In high school, Kemp described herself as a “typical, nondescript student.” She knew she wanted to attend college to become an attorney.

Even though she lives in Arizona, and has for many years, Ashland is still where Kemp feels roots. Her family has been traced to Ashland’s founders. Her mom still lives in Ashland and her family reunites in town often.
“The ’60s had this cultural struggle where people were asking the question of ‘who am I?'” Kemp said. “But I never had that.”
Kemp said she attributes that to her strong sense of identity and place in Ashland.
But for Kemp, this year’s reunion served as more than just a chance to return to her roots.
She said when she was in the first grade, her mother had scheduled her a playdate with a classmate. Another young boy also went to the playdate, and she said the two boys left her behind. She didn’t know what house they’d gone into and was left alone without knowing where to go.
Fast forward: Kemp said she had a locker near the boy she was supposed to have the playdate with at Ashland High School. He apologized when they graduated, but she never got to thank him for it.
This weekend, Kemp found him and told him the story. She said she finally got to thank him for apologizing, and that felt important to her. It was a chance to resolve unfinished business, she said.
Always find your way back home
For others, the return to Ashland serves as a chance to walk down memory lane. Kim Calhoon, who worked as a court stenographer, married one of her Ashland High classmates, Jim.
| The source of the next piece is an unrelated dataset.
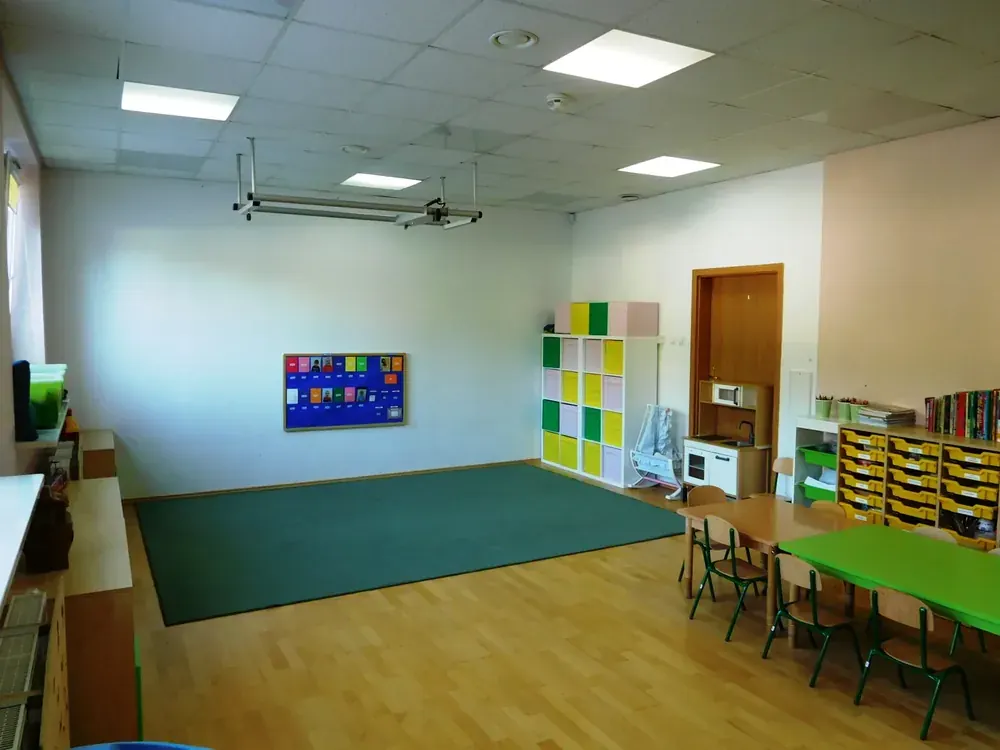 Przestronna, jasna sala przedszkolna z kolorowymi meblami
Kim and Jim have attended the class of 1974’s reunions every five years, they said. The pair split their time living in both Canada and Florida, Kim said.
For the Calhoon’s, returning offers a chance to see their high school friends. They said their friends live all over the country.
Mark Patterson, who sat with the Calhoon’s Saturday night, said the most striking part of the reunion for him is seeing so many people who’ve left Ashland and returned.
Mel Karas, a fellow classmate, agreed. He said he’d lived in Chicago for a time after graduation.
“You fly out of the nest and all over, and when you’re done, the most sane place to be is to go back home,” Karas said.